In some instances the governments have fallen like Egypt and Tunisia.  Other governments have responded with counter-attacks to maintain their position like Yemen, Iran, and Libya.  The bloodshed may be horrific, but nothing on the scale of Rwanda.


Thus the question arises. At what point do foreign nations employ their influence, treasure, manpower, and military might to intervene in the internal affairs of another country to determine its fate?    Is there really anything the West can do?  Perhaps the bigger question is: “Is there anything the West should do?”


Consider the issue carefully.   What would happen if two million people descended upon Washington D.C. and violently demanded that the President and Congress should resign? The image would fill the field of a camera’s view.  Would Americans merely cast aside our constitution to satisfy the whims of this .65% of the population?  What of the beliefs of the other 306 million citizens?

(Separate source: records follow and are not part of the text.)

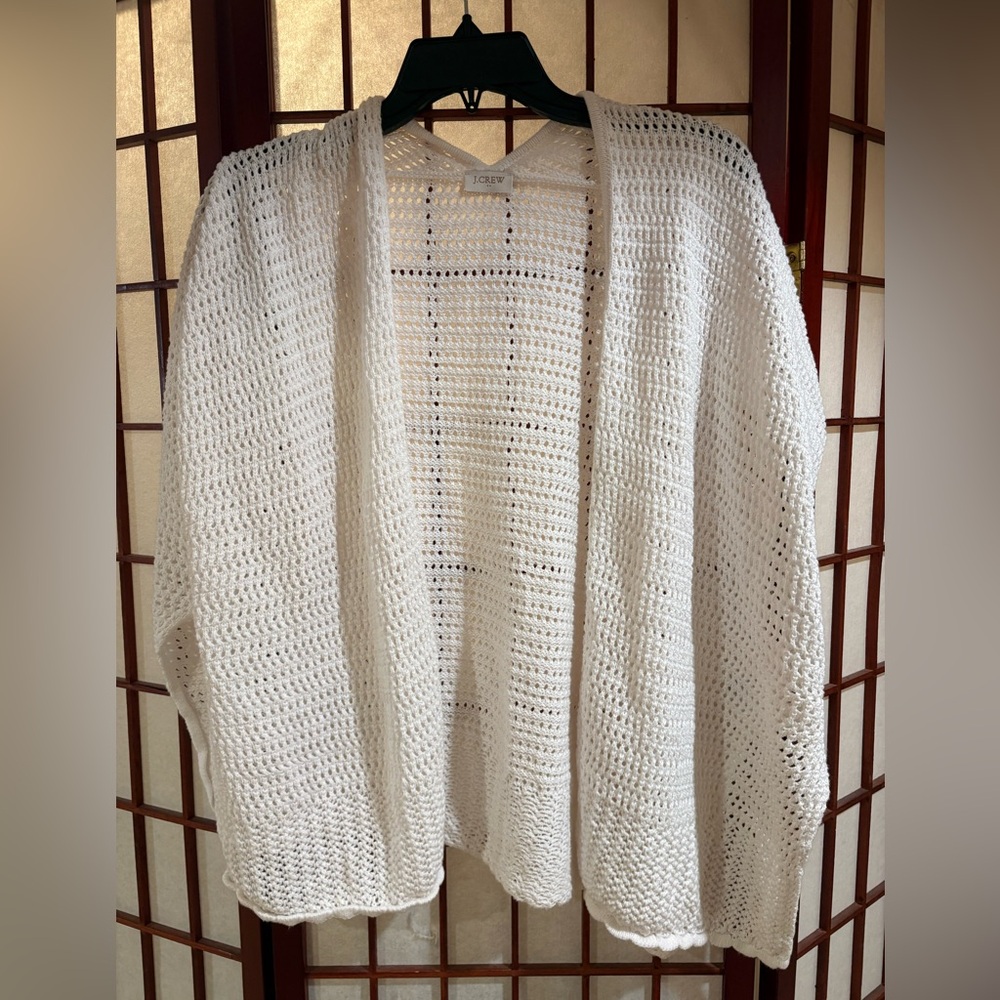 Zara Open-Knit Cream Women’s Cardigan
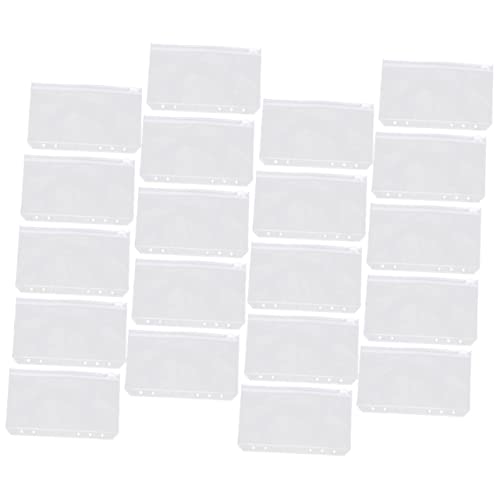 Angoily 50 Stück Zipper Beutel Extra Dicke PVC Aufbewahrungstaschen für Visitenkarten Schulbedarf und Büromaterialien Wiederverwendbare Transparente Reißverschlussbeutel für Optimale von Angoily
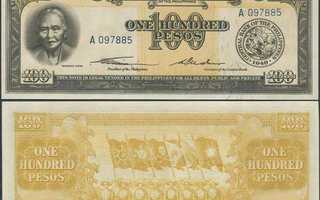 Filippiinit Philippines 100 Pesos v.1949 (P-139) UNC harv.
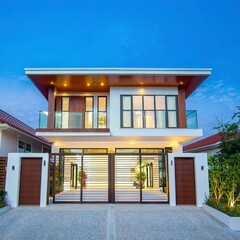 New modern house real estate in Thailand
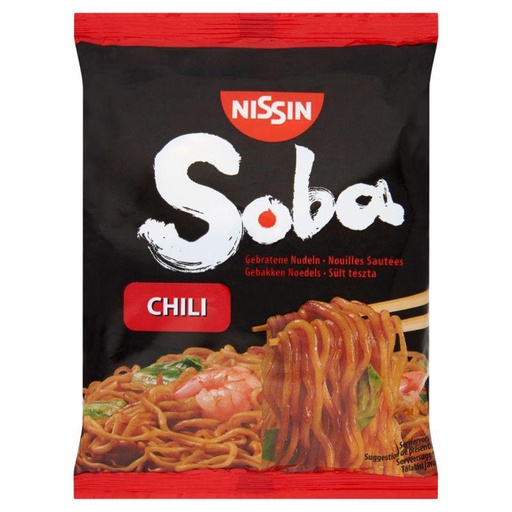 [30538] Nissin Inst. noodles Soba Chilli 110g | 日清 辣味 方便面 110g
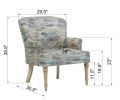 Bella 29.5"W Auspicious Clouds Accent Chair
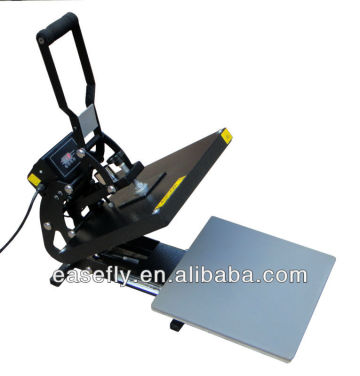 Auto open magnetic heat transfer printing machine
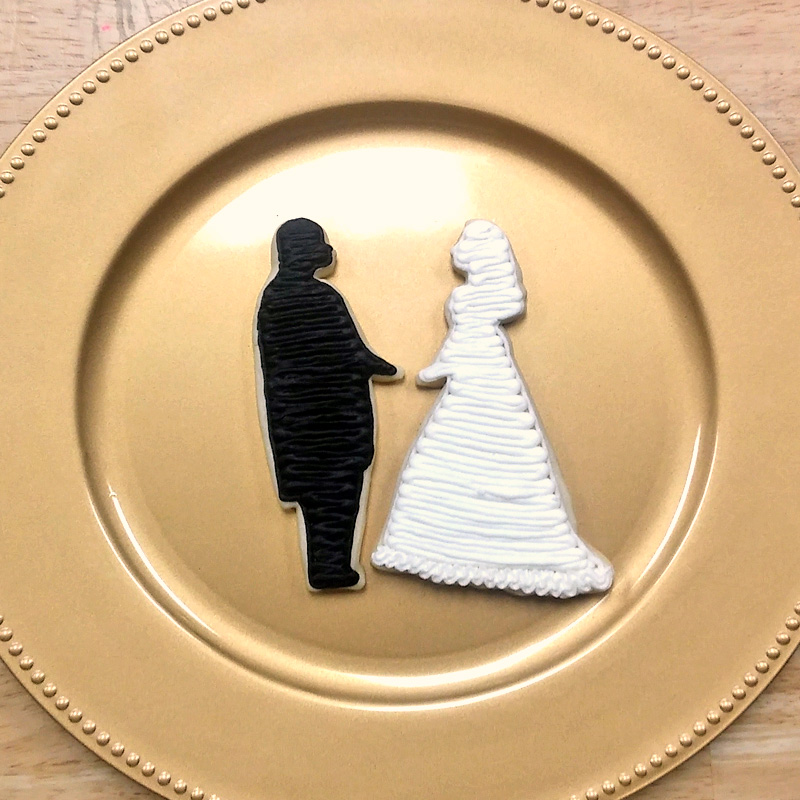 Bride & Groom Silhouettes
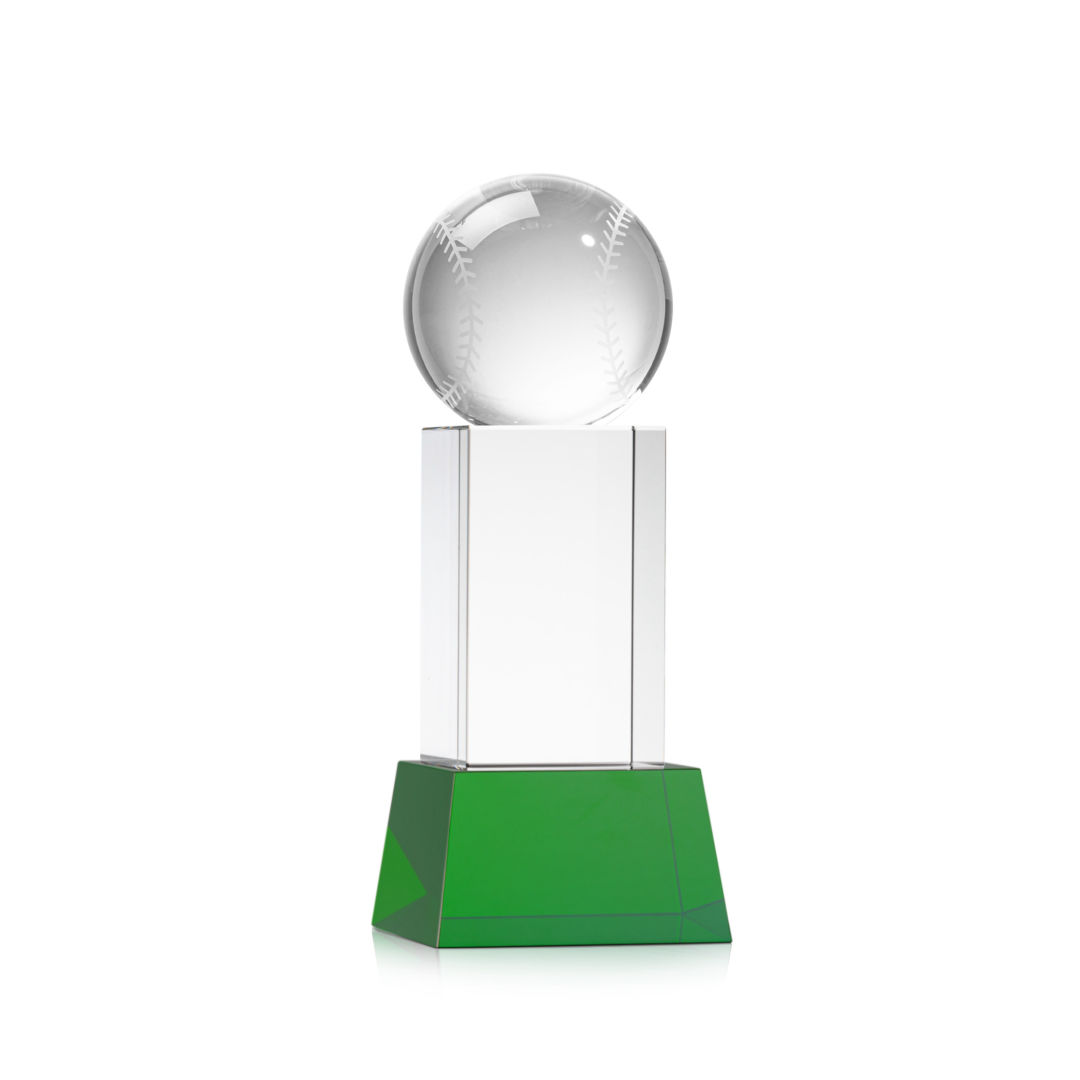 Baseball Award on Belcroft Base - Green 7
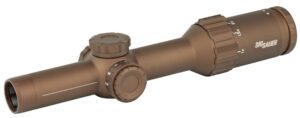 Sig Sauer Electro-Optics SOT61230 Tango6T Flat Dark Earth 1-6x24mm Illuminated Hellfire SVPS Reticle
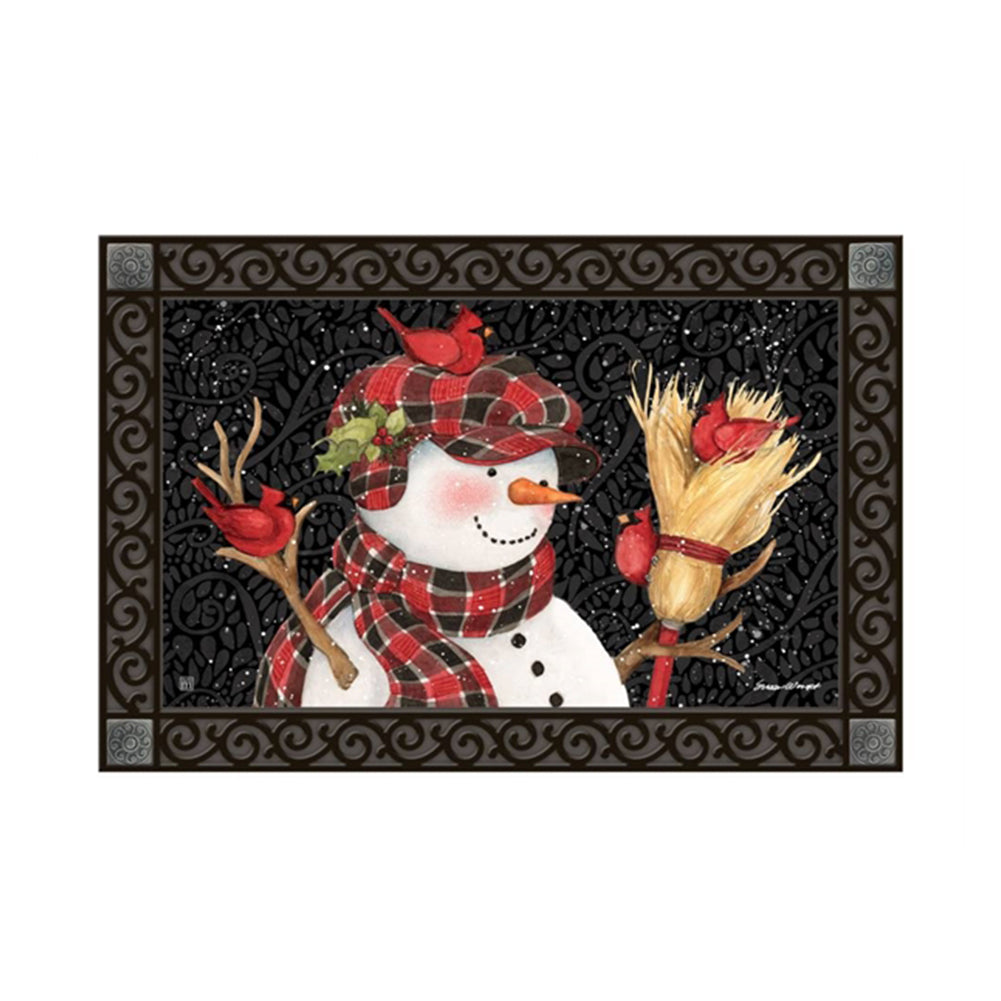 Snowman with Broom MatMate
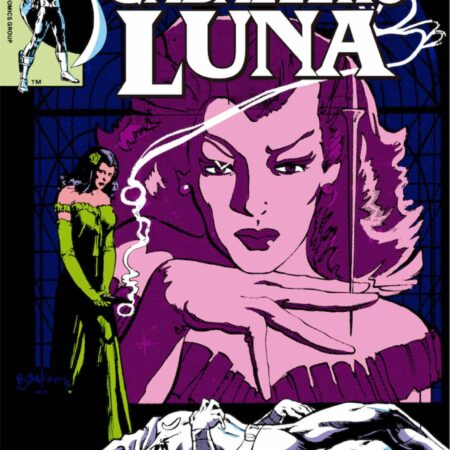 COM BIBLIOTECA CABALLERO LUNA 04. VIDRIERA ESCARLATA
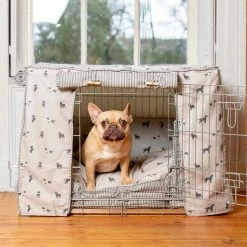 Brand new 🔥 Outlet 💯 🐕 Dog Crate Cover in Cosmopolitan 🦮 🐕 Dog Cotton by Lords & Labradors ⭐ 🛒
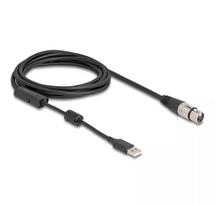 DeLOCK garso laidas 3 m XLR 3 kontaktų USB-A juodas sidabrinis 84178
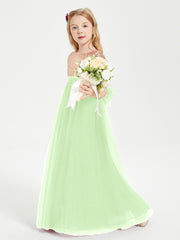 Robe Étincelante de Demoiselle d'Honneur Junior Top en Paillettes Sauge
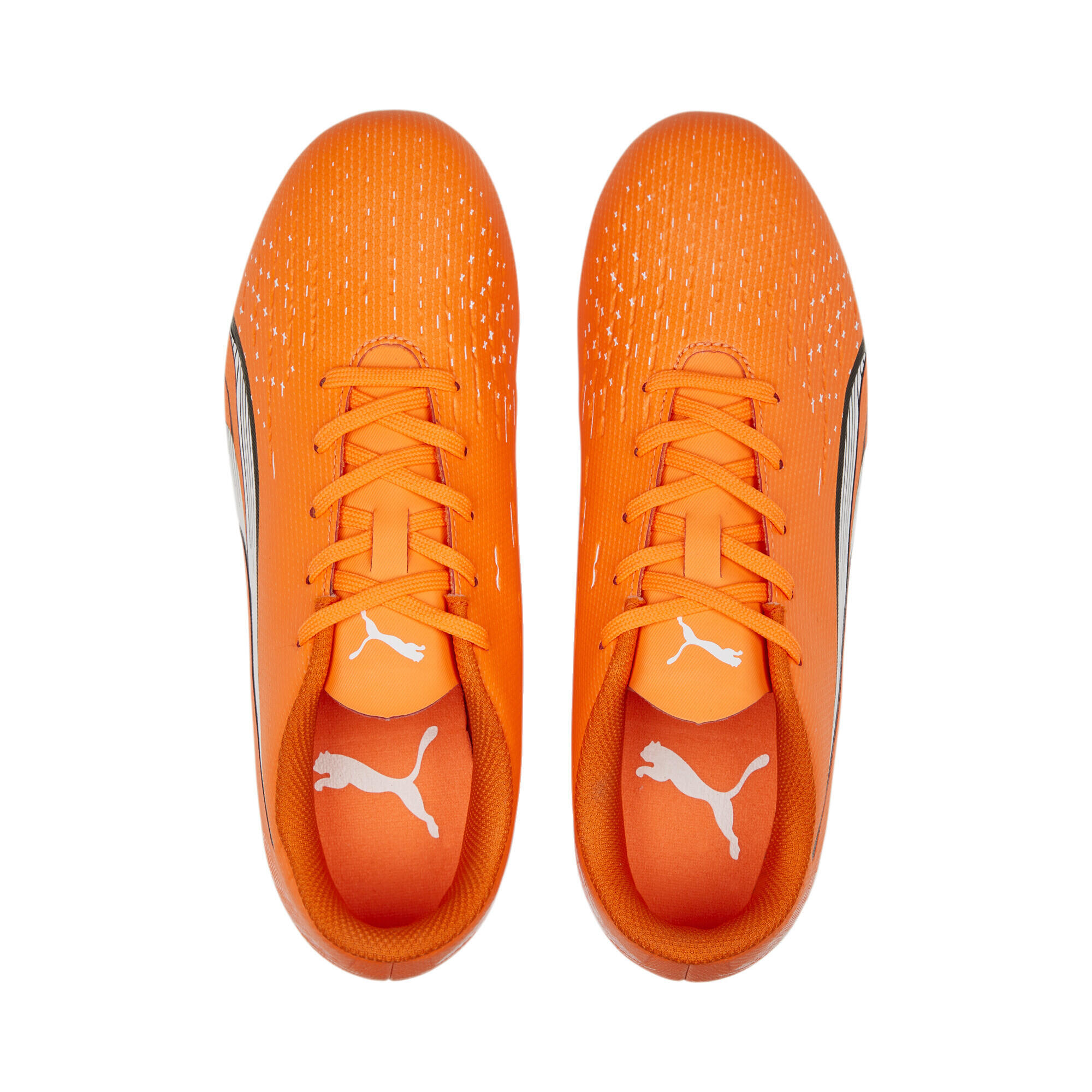 Botas de fútbol Niños ULTRA Play FG/AG PUMA Ultra Orange White Blue Glimmer 6/6
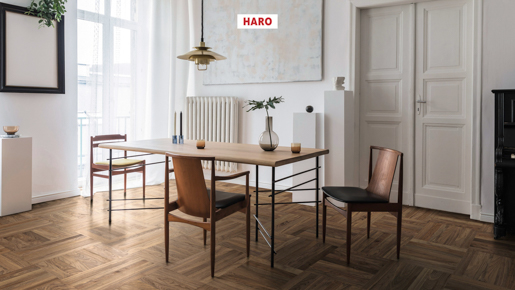 Hamberger Haro Parkett Stab Allegro pD 537910 Am. Nussbaum Ex./Tr. 2,47qm/P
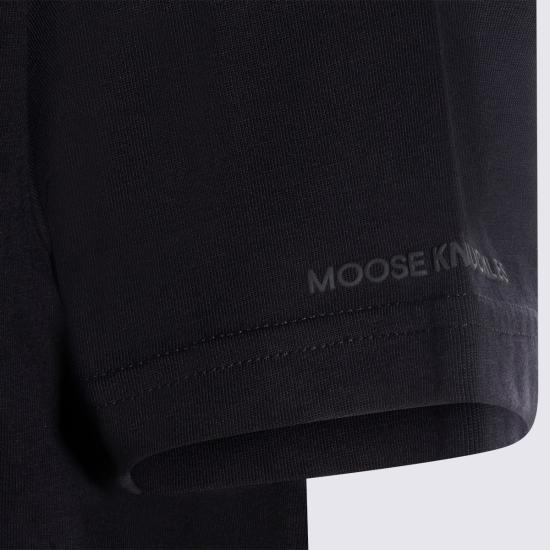 26SS 무스너클 반팔 티셔츠 M16MT733 1153 Black - MOOSE KNUCKLES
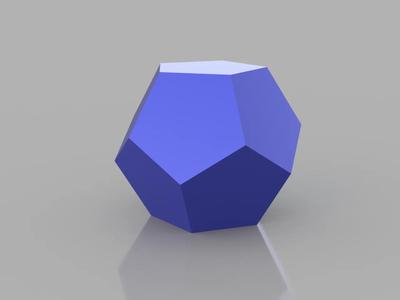 Low Poly Spheres: Dodechaderon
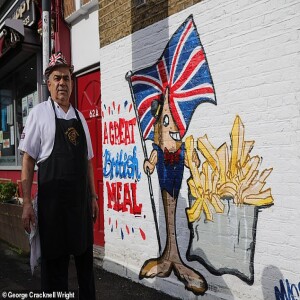 Union Jack banned in London.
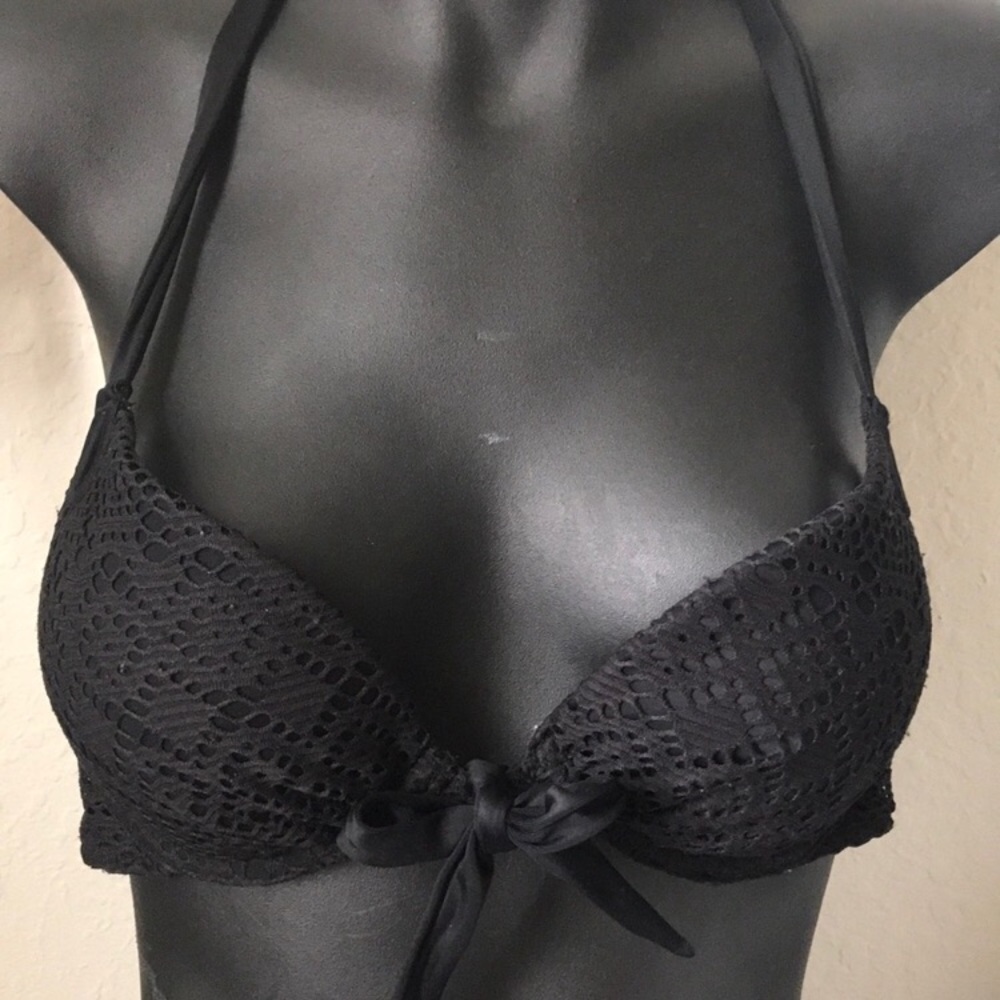 VS Crochet black push up bikini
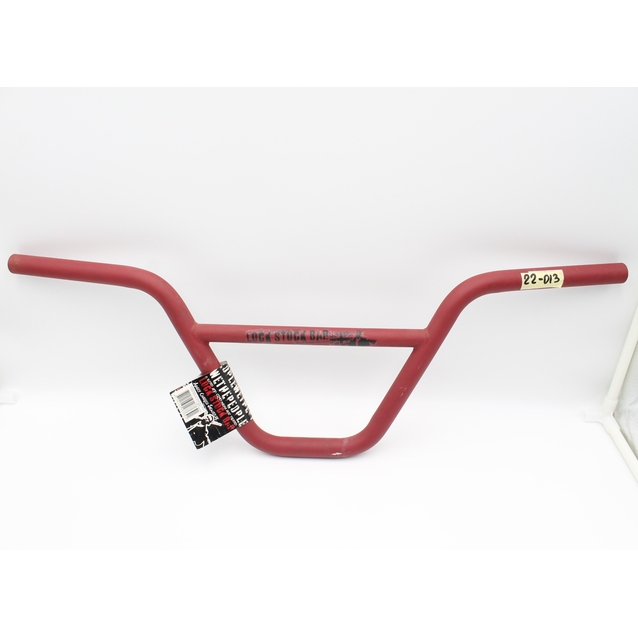 Руль BMX сталевий Lock  Stock Bar Ø22.2,L-670, бордовий. Н8 фото westvelo.com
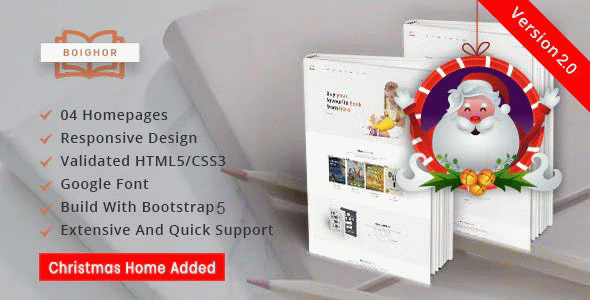 Boighor – Books Store Library eCommerce Template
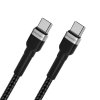 Wozinsky WNBCC1 USB-C kabel - USB-C / 1m / 65W / černý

Do their concerns not matter?


Worse, suppose these people became violent and military force was needed to re-impose order.  Would the United States face condemnation and invasion by foreign powers that support the dissident cause? 


The point being, the world had better be very careful in its response to the problems that are unfolding around the globe.   Embarking upon a policy of intervention can have unintended consequences far beyond the benevolent dreams of proponents.  It is a dangerous door to walk through.


Certainly, it is difficult to merely stand by and watch terror unfold, but once you step in you own the problem!   Could the eventual outcome prove to be worse for the people than the “abusive government” replaced?  Iran? Zimbabwe? 


Furthermore, once this new interventionist  policy is in place, one must ask: would Western Europe and the United States invade China should another Tiananmen Square event like that in 1989 occur?  Or, is this policy conveniently directed only against weak third world nations?


There is a lot to consider!  America had best look very carefully before it leaps!!!